ACTIVITY: Only one stretch of the listing below is wanted. Give it again exactly, from the line with "Com 1,6 milhão" through the line with "Rock-star cântând la".

SUPPLIED MATERIAL:
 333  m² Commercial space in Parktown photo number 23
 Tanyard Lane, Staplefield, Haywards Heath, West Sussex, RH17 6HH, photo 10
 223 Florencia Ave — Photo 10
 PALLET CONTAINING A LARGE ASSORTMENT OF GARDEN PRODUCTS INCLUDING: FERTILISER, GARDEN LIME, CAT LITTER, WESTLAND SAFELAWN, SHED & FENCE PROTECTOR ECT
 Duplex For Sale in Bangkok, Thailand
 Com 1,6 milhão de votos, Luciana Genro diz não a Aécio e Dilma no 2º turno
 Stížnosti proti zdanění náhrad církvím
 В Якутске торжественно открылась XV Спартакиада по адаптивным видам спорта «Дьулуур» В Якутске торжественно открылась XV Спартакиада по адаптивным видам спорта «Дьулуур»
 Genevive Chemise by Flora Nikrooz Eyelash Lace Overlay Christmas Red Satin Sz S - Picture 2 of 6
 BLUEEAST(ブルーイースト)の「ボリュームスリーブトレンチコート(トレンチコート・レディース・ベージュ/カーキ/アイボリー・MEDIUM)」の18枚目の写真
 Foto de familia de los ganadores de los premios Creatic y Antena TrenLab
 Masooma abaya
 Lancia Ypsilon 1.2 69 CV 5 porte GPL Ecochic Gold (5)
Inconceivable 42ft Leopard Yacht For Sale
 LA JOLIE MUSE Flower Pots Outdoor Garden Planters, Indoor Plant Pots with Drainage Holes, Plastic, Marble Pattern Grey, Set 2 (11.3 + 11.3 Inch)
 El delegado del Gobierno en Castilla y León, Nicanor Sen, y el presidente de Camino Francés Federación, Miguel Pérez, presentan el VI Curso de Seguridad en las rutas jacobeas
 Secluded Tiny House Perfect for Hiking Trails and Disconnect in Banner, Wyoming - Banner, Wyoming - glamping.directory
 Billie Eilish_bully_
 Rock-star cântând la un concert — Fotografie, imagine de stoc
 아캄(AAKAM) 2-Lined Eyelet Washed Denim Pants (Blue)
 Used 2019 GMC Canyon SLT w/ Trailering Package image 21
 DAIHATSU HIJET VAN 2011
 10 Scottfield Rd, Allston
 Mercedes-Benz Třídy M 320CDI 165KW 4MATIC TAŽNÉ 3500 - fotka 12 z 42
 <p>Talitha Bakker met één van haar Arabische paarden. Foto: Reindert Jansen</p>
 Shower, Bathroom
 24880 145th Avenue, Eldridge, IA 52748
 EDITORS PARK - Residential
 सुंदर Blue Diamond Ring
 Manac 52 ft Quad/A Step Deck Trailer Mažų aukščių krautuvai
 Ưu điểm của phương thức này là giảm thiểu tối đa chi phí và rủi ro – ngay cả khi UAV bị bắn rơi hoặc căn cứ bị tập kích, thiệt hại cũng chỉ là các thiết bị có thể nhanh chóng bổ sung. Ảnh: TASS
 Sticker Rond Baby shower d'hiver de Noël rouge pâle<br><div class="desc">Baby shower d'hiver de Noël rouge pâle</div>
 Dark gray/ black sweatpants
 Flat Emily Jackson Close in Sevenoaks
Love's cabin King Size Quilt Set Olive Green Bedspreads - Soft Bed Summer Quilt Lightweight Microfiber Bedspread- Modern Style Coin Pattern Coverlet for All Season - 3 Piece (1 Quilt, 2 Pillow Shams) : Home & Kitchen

TASK ANSWER:
 Com 1,6 milhão de votos, Luciana Genro diz não a Aécio e Dilma no 2º turno
 Stížnosti proti zdanění náhrad církvím
 В Якутске торжественно открылась XV Спартакиада по адаптивным видам спорта «Дьулуур» В Якутске торжественно открылась XV Спартакиада по адаптивным видам спорта «Дьулуур»
 Genevive Chemise by Flora Nikrooz Eyelash Lace Overlay Christmas Red Satin Sz S - Picture 2 of 6
 BLUEEAST(ブルーイースト)の「ボリュームスリーブトレンチコート(トレンチコート・レディース・ベージュ/カーキ/アイボリー・MEDIUM)」の18枚目の写真
 Foto de familia de los ganadores de los premios Creatic y Antena TrenLab
 Masooma abaya
 Lancia Ypsilon 1.2 69 CV 5 porte GPL Ecochic Gold (5)
Inconceivable 42ft Leopard Yacht For Sale
 LA JOLIE MUSE Flower Pots Outdoor Garden Planters, Indoor Plant Pots with Drainage Holes, Plastic, Marble Pattern Grey, Set 2 (11.3 + 11.3 Inch)
 El delegado del Gobierno en Castilla y León, Nicanor Sen, y el presidente de Camino Francés Federación, Miguel Pérez, presentan el VI Curso de Seguridad en las rutas jacobeas
 Secluded Tiny House Perfect for Hiking Trails and Disconnect in Banner, Wyoming - Banner, Wyoming - glamping.directory
 Billie Eilish_bully_
 Rock-star cântând la un concert — Fotografie, imagine de stoc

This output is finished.